[Excerpts from a dataset]

· · ·

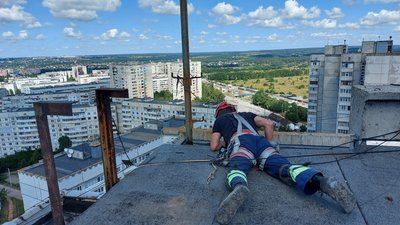 У Харкові демонтували верхні поверхи висотки, яку обстрілювала армія РФ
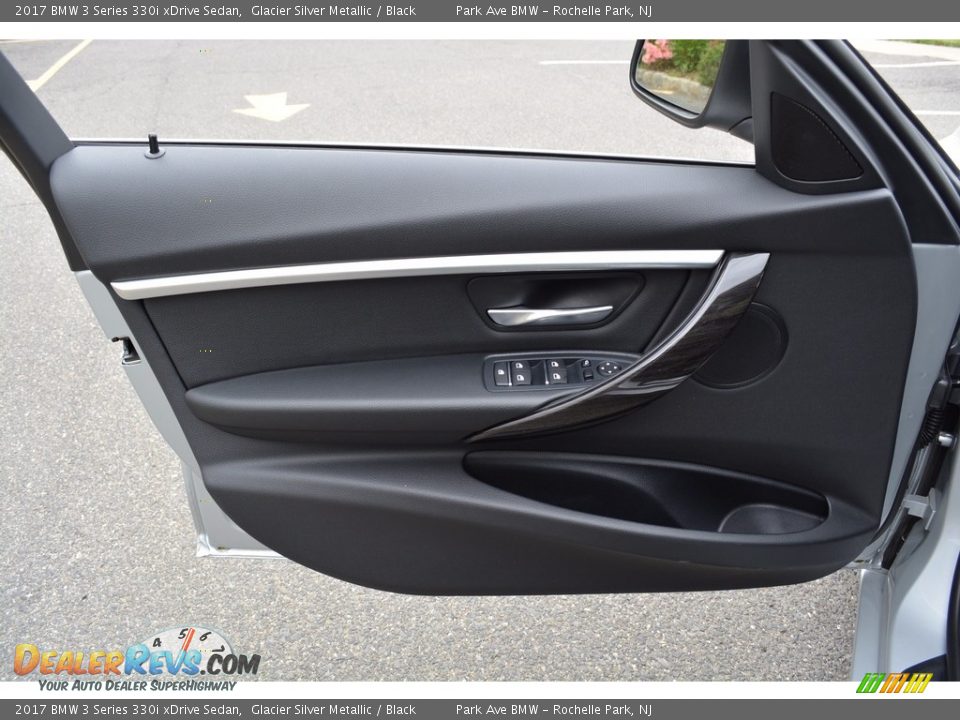 2017 BMW 3 Series 330i xDrive Sedan Glacier Silver Metallic / Black Photo #8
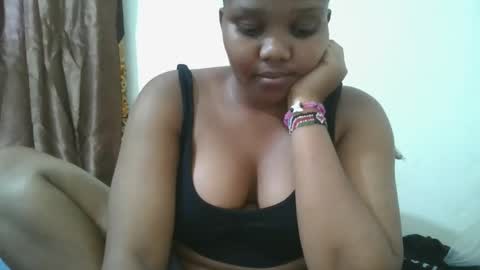 Snapshot of cuteebony2 chatting on 10-10-25, 09:36 Sheila online show from 10-10-25, 09:36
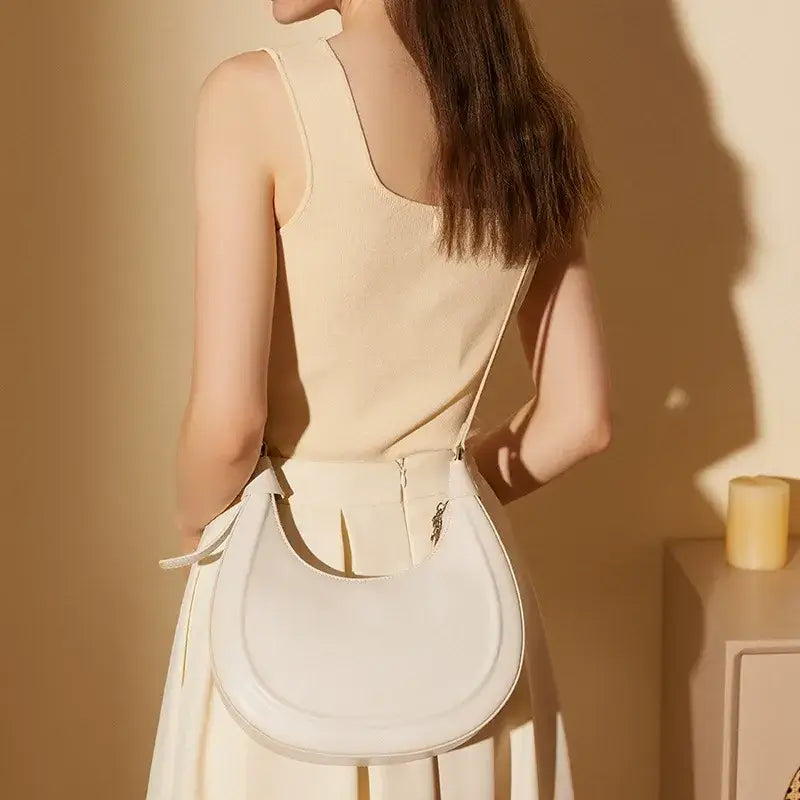 Bolso hobo minimalista blanco elegante de cuero legítimo – Modelo Elara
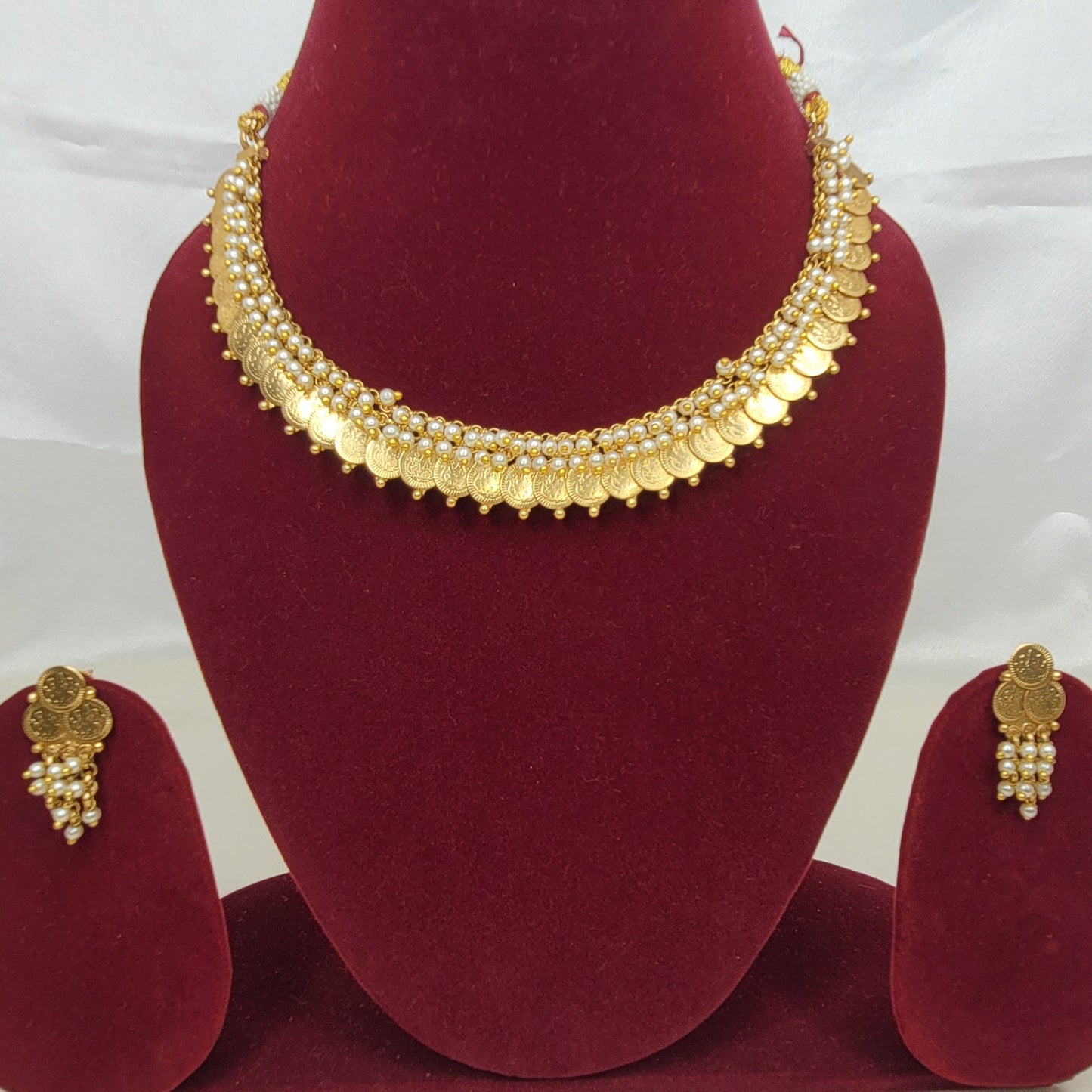 Royal Pearl Coin Choker Necklace Set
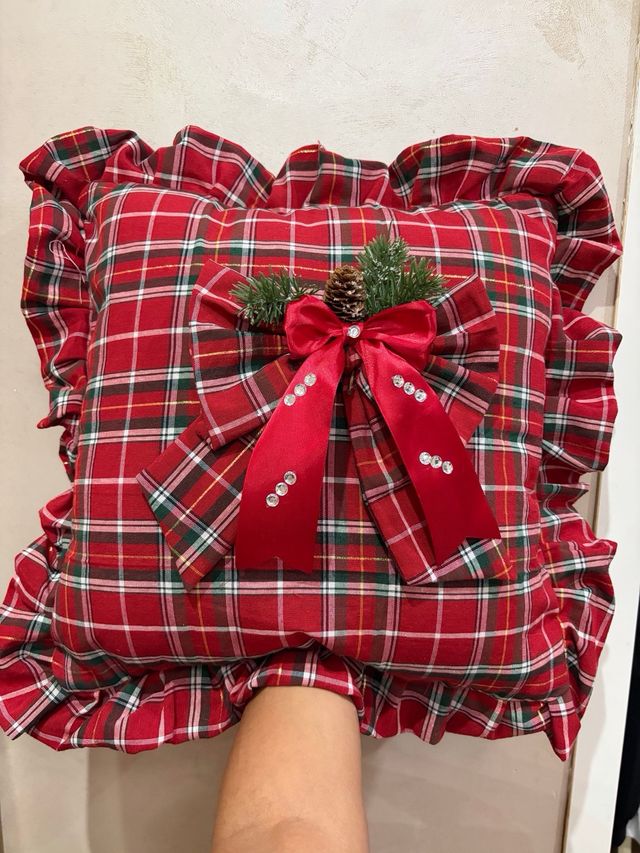 Cuscino Natale a Quadri Rossi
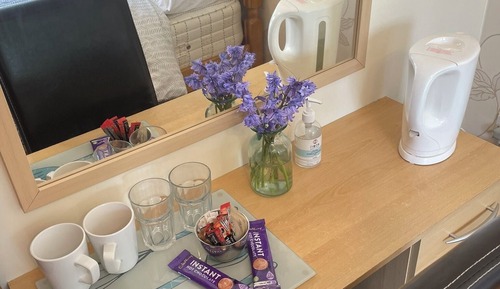 Room 1 at the Huntsman Inn - (Spacious Double Room at the Inn)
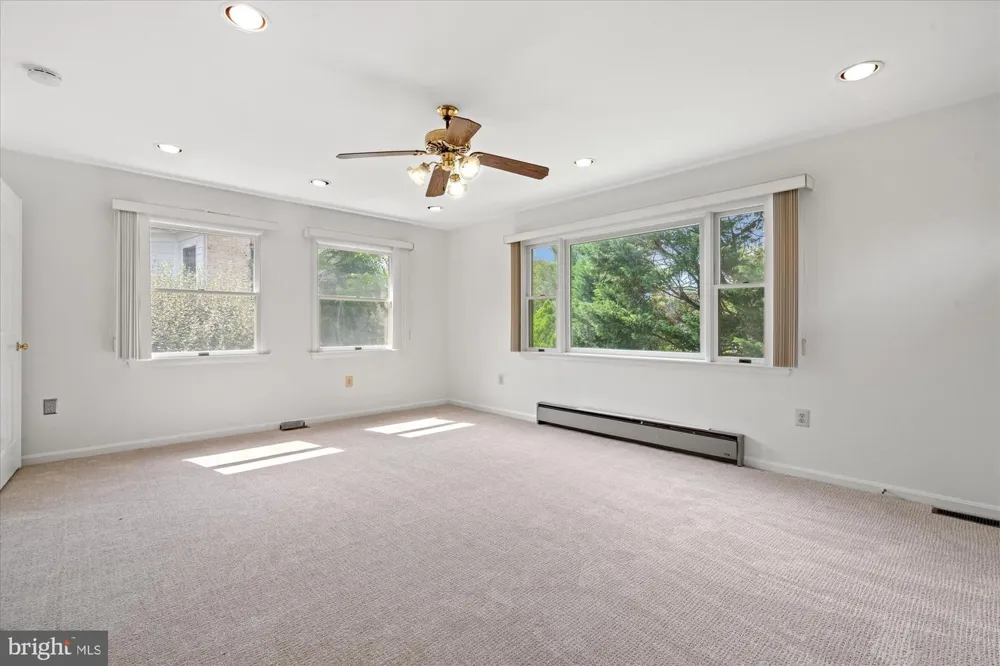6207 KIRBY ROAD Bethesda, MD 20817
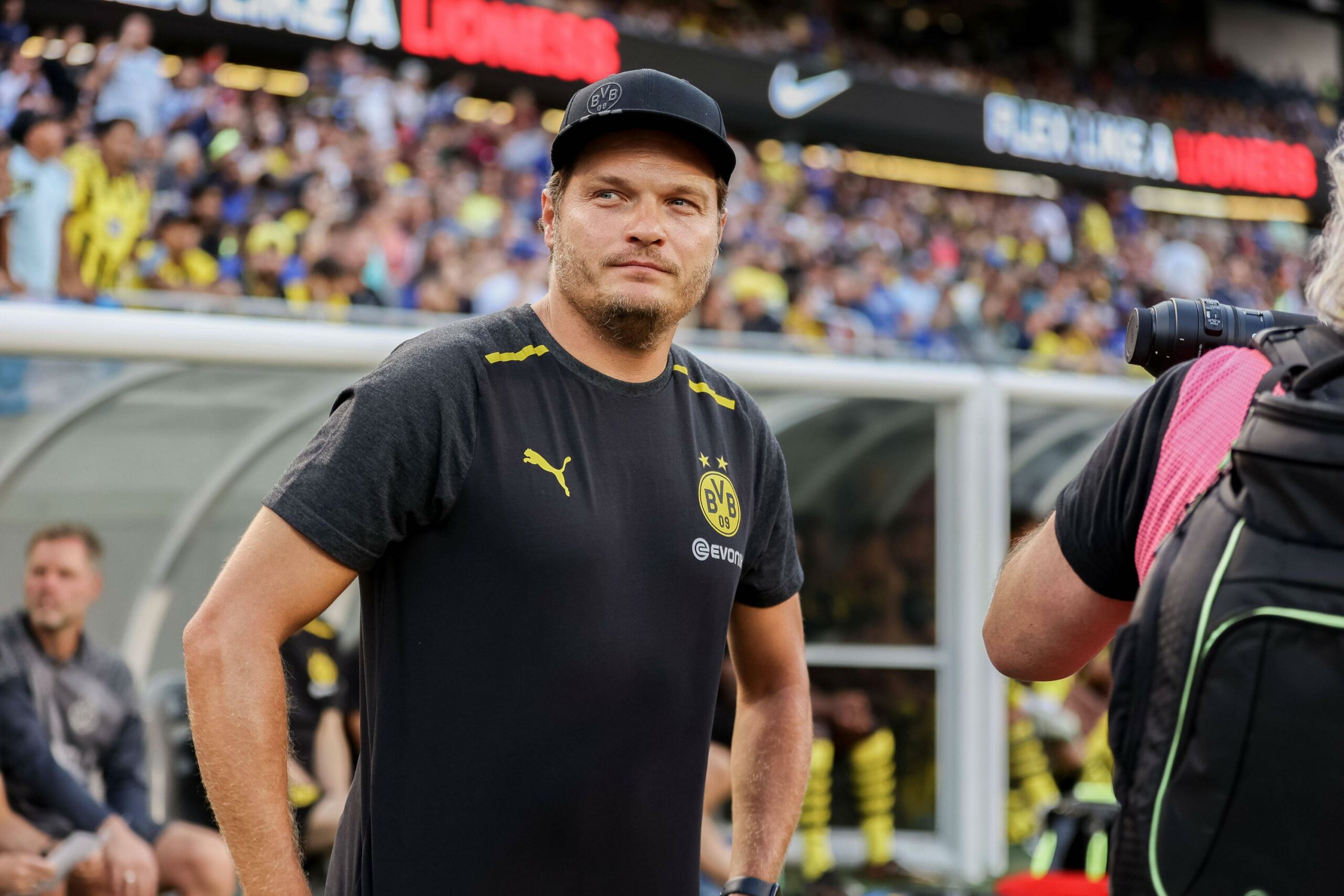 “Valsi” i pankinave, Terzic mund të largohet nga Dortmund, alternativat për verdhezinjtë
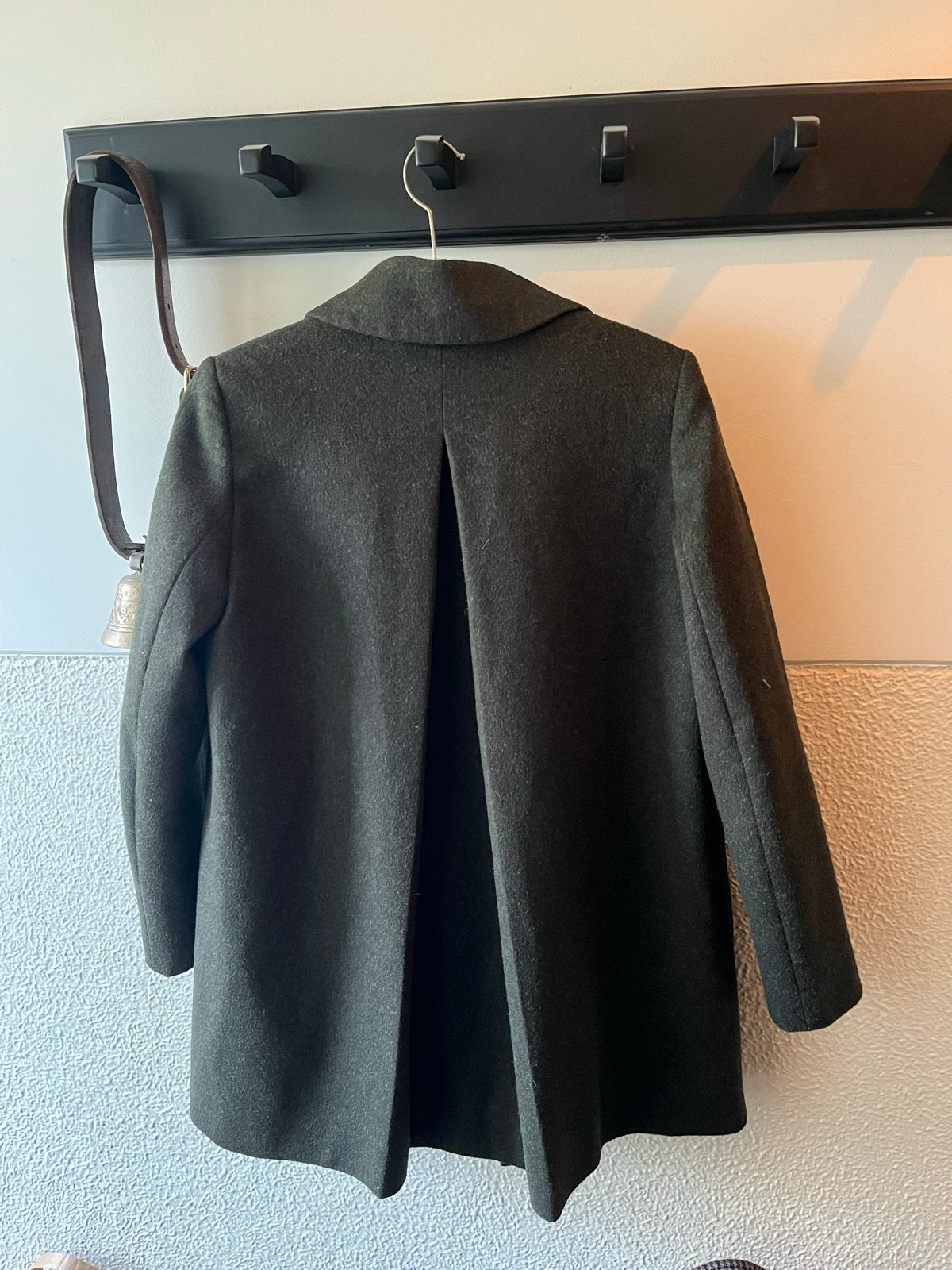 COS wollen jas XS - bieden vanaf €45,-, Ophalen, Zo goed als nieuw, Maat 34 (XS) of kleiner, Groen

· · ·

• **ASSIGNMENT**
Once the pictures are set aside, output all of the data above verbatim.

• **OUTPUT OF THE TASK**
 У Харкові демонтували верхні поверхи висотки, яку обстрілювала армія РФ
 2017 BMW 3 Series 330i xDrive Sedan Glacier Silver Metallic / Black Photo #8
 Snapshot of cuteebony2 chatting on 10-10-25, 09:36 Sheila online show from 10-10-25, 09:36
 Bolso hobo minimalista blanco elegante de cuero legítimo – Modelo Elara
 Royal Pearl Coin Choker Necklace Set
 Cuscino Natale a Quadri Rossi
 Room 1 at the Huntsman Inn - (Spacious Double Room at the Inn)
6207 KIRBY ROAD Bethesda, MD 20817
 “Valsi” i pankinave, Terzic mund të largohet nga Dortmund, alternativat për verdhezinjtë
 COS wollen jas XS - bieden vanaf €45,-, Ophalen, Zo goed als nieuw, Maat 34 (XS) of kleiner, Groen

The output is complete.